In 2003, a “clean melt” version was introduced, so that the wire then could be developed for cardiac rhythm management (CRM) lead wires, coils and sensing elements.
Addressing the central question of the morning session, Schaffer asked, “Do they fail?” and answered his rhetorical query: “Eventually, yes.”
He used a quote from a medical-device executive to establish that a lead’s longevity cannot be predicted.
Schaffer cited the importance of the physical location of a lead as being important to the variability of its life. “These are very small products,” he said, “most being less than 1 mm in diameter.”
The small size of such specimens adds to the difficulties of failure analysis, he said. “They generate microscopically small crack effects.”
Testing brings evidence of “lots of characteristics, but fatigue failure is the one that stands out,” Schaffer said.
He cited a number of important considerations in such testing; among them:
• Development of a hierarchical model.
• Verification of the model results.
• Providing a statistical comparison.
• Making “dislocation pileup” assumptions.
• Assuring the validity of an upstream survey.
• Testing total fatigue life.
Turning to drug-eluting stents (DES), a hot topic in materials circles as well as in industry and clinical circles these days, Dr. James Conti, executive VP of Dynatek Dalta Scientific Instruments (Galena, Missouri), discussed methods for evaluating the shedding of particulates by DES.
“There’s a big problem with particulates” from DES devices, Conti said. With those and other particulates, as from orthopedic implants, “size matters,” adding that smaller particles, in particular, “are more toxic.”
The particulate problem is pretty pervasive, Conti said. “If you’re dealing with a medical product, you’ll be dealing with particulates.”

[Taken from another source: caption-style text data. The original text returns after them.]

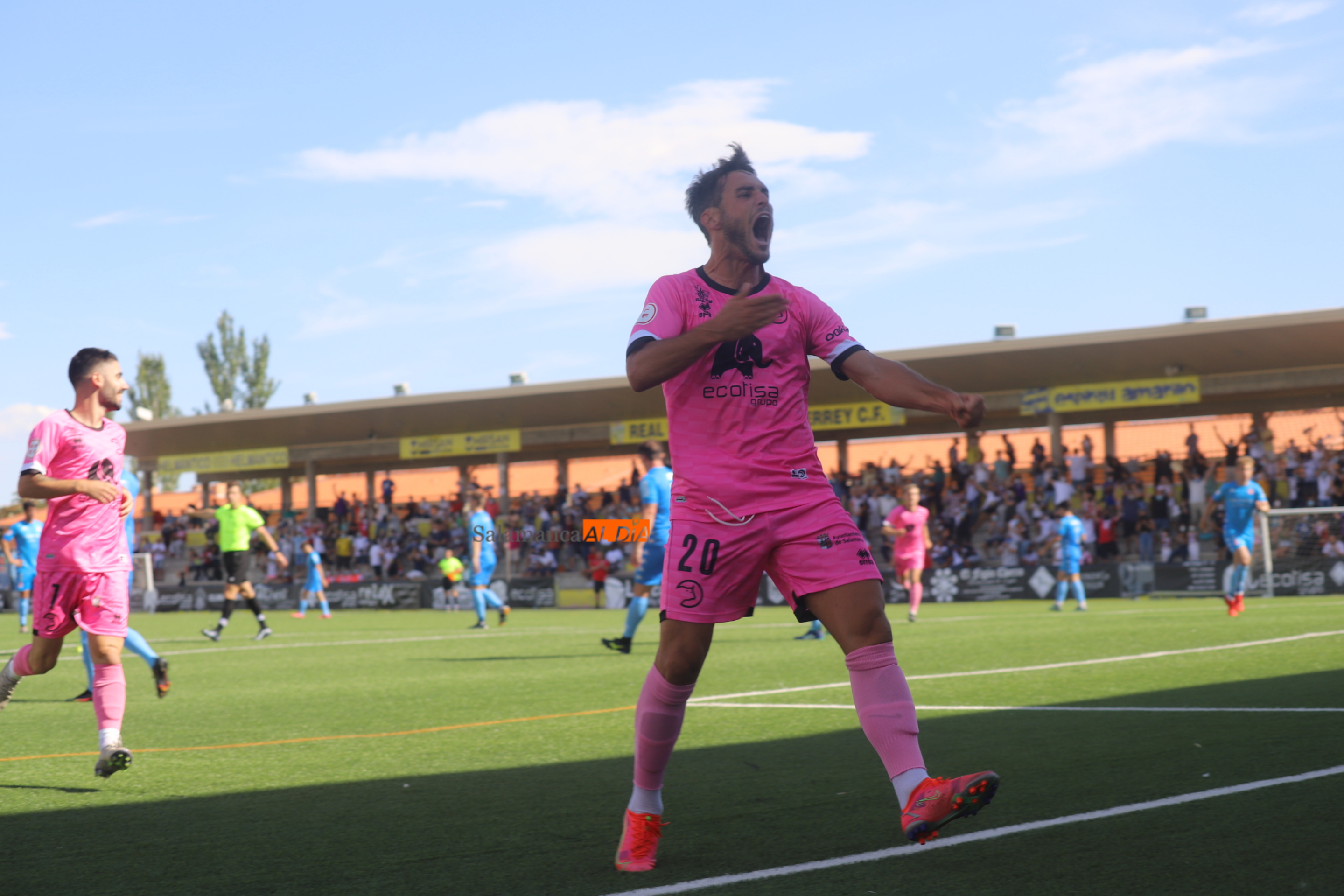 Espina celebra su gol a la Cultural / Lydia González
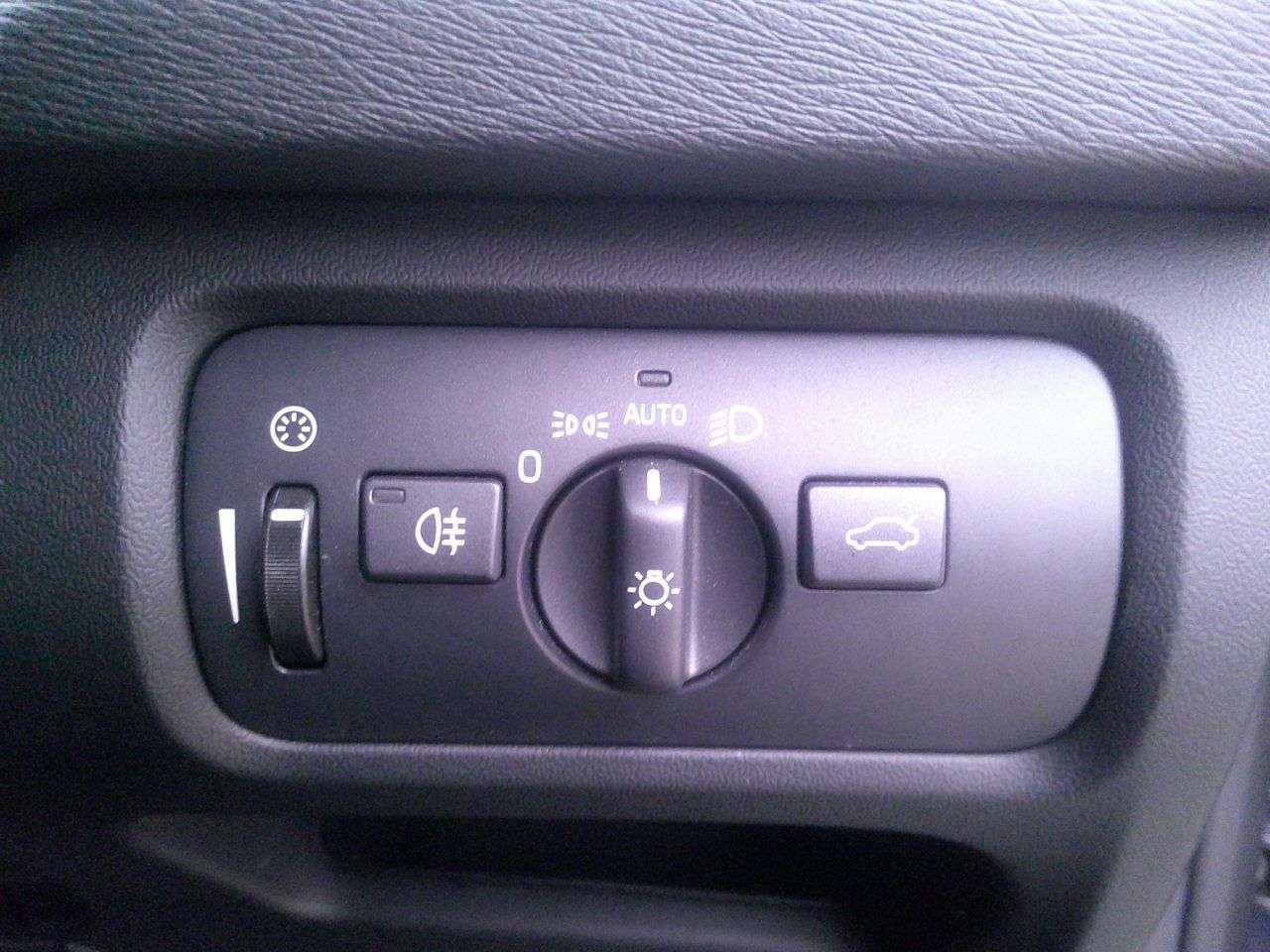 2018 VOLVO V40 CROSS COUNTRY 2018 VOLVO V40 CROSS COUNTRY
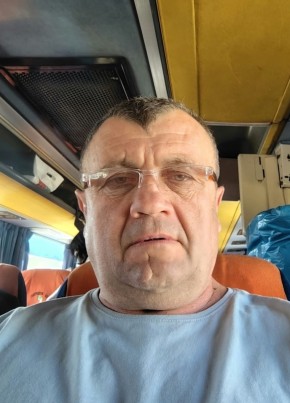 SERHII из Würzburg 62 года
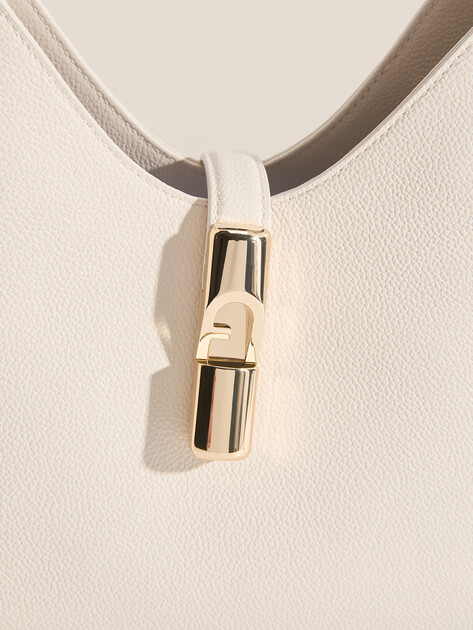 Женская сумка  FURLA, Артикул FURLA GOCCIA S HOBO, белый | 5047376. Ракурс 2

He said bifurcated products, a commonplace approach in the realm of stenting, “tend to break.” So, in the set-up stage, “you need to know that your product is physiologically compliant and that sanitation issues are addressed.”
For testing, “you have to set target values and have data-collection methods clearly identified.”
Conti said intermittent testing is better than one-time testing, which tends to get short shrift from the FDA.
“That allows you to be more stent-specific,” he said.
But most useful of all, in his view, is real-time data collection, which his firm does. “It’s the best method,” Conti said. “You can tell which stent the data is coming from, which better allows you to interpret the shower of particles.”